== Exercise instructions ==
Look for the line that has "Thml - Long Sleeve Suede V Neck Top - Lyst" in the material below; please repeat it and every line after it, exactly, up to and including the line that has "陕西省安康市紫阳县2020-2021学年七年级下学期期末考试数学试卷", and nothing else.

== The input ==

* * *

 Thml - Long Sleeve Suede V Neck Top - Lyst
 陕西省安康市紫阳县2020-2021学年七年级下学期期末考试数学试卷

* * *

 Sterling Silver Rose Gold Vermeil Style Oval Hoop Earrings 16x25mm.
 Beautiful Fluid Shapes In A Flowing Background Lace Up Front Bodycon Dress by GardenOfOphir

* * *

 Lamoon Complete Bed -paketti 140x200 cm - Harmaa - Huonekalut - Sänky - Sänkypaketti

* * *

== Result for this task ==
 Thml - Long Sleeve Suede V Neck Top - Lyst
 陕西省安康市紫阳县2020-2021学年七年级下学期期末考试数学试卷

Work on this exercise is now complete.